I chaired the high-level legal drafting committee for almost five years at the Commission and almost all of the electoral Acts, Regulations, Directives were drafted during that period. In each Draft Bill, the Election Commission proposed that the responsibility of declaring the date of all elections be given to the Commission as is the practice in other South Asian countries. It is vital for this constitutional body’s autonomy in the South Asian political milieu. The Commission has consistently pursued two main reforms agenda–one is this and another is political funding and election expenditure reforms.

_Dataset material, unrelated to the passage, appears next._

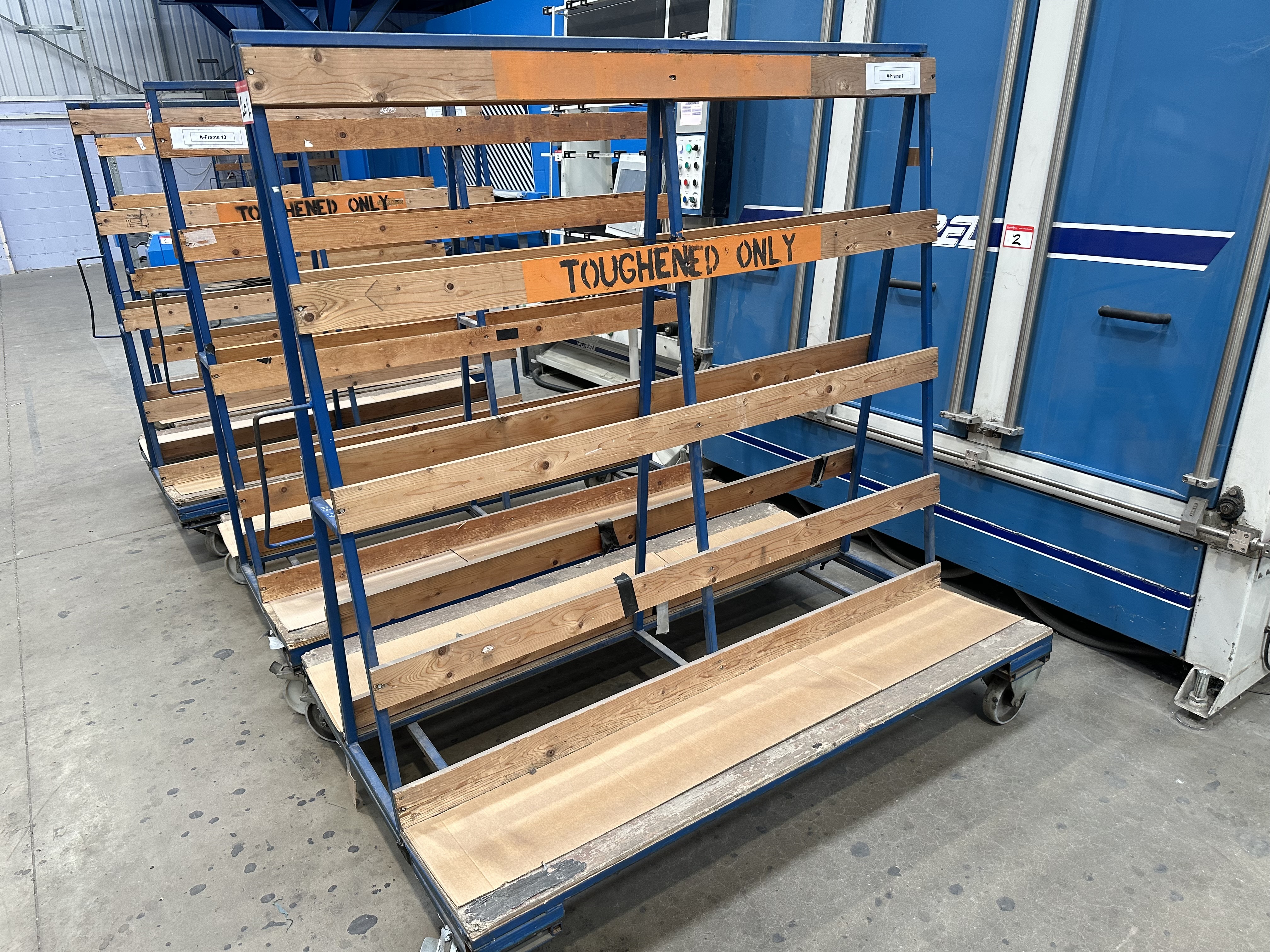 (Qty 4) x Double Sided A Frame Glass Storage Trolleys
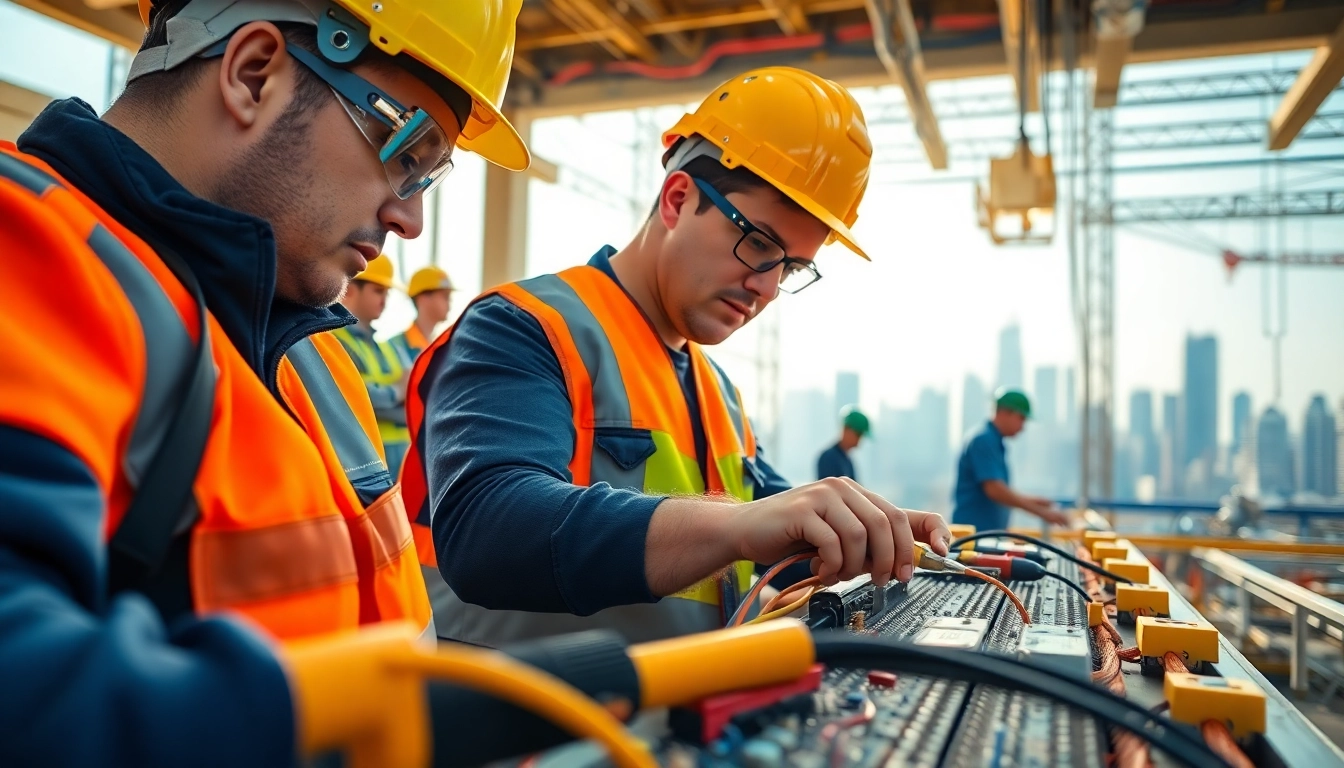 Engaged electrician apprenticeship participant working on a circuit board in a construction environment.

It is beyond my imagination that the Commission will not declare the dates on time and fulfill its constitutional responsibility as there is absolutely no hindrance to do so. How can the Commission let itself down by not declaring the dates as this one provision, the responsibility to declare dates for presidential election, is so hard earned? Since there is no conflict between the Constitution and the Act, there is no confusion in any of them, nor is there any incompatibility, ECN should clear the air by declaring a date asap and put the unnecessary rumors to rest.
Some politicians have come forward with the idea of electing the president based on national consensus. What’s your take?
Changing the electoral system involves a constitutional amendment. It is believed that one kind of electoral system must be practiced for a few electoral cycles patiently and evaluated before an attempt to change is made. Besides, no system is good or bad in itself, as it depends on those who implement it. A system is as good as the person involved and the leadership decides the fate of a system.
I think this system is not a bad system while a directly elected president may also work. We need to give it some time.